The financial services firm is rolling out biometric technologies that will allow European consumers to authenticate their identity without a password, but with a selfie, in order to provide customers with a more convenient method to sign in and a faster checkout process. Security firms view the development as another sign of the mainstream availability of biometric authentication, comparing it to the introduction of TouchID fingerprint authentication technology in the iPhone.
Javvad Malik, security advocate at enterprise security tools firm AlienVault, said that "selfie pay" is seemingly an attempt to bridge the gap between a fully authenticated method, such as chip and PIN – and unauthenticated payments methods such as contactless.
(Score: 1, Insightful) by Anonymous Coward on Thursday October 06 2016, @08:12AM
People used to think that those "security questions" were a great idea. Mothers maiden name, name of your dog, all that crap. Back then, the idea was that only you would know those things.
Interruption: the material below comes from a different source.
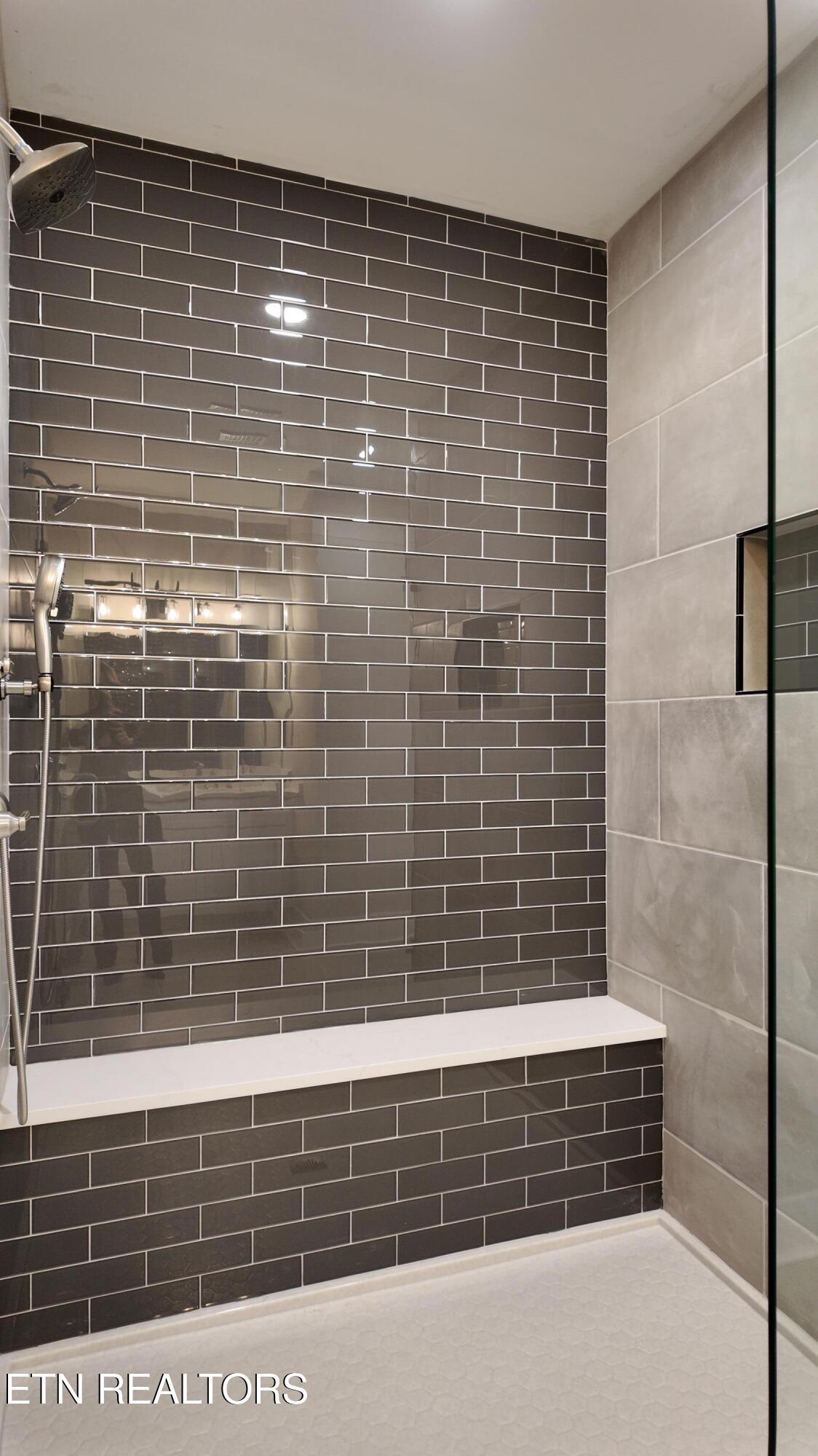 Loudon, Tennessee, 37774, United States, 4 Bedrooms Bedrooms, ,3 BathroomsBathrooms,Residential,For Sale,1981899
Nowadays, the answer to all of those questions (it's always a list of predefined questions) can be found on Facebook.
This is just reinventing the same stupidity.
"If the answer can be found on Facebook anyway, why not simply use a selfie?"
(Score: 0) by Anonymous Coward on Thursday October 06 2016, @03:03PM
What, they thought your mother would not know your mother's maiden name?
(Score: 0) by Anonymous Coward on Thursday October 06 2016, @04:21PM
nobody said the answers you gave to the system had to be factually correct
they just need to be consistent
so if you always answer that your mother's maiden name was jane jetson, it works well enough...
(Score: 2) by Scruffy Beard 2 on Friday October 07 2016, @03:09PM
They usually ask a series of "security" questions.
That means you need to remember 5-6 passwords instead of 1.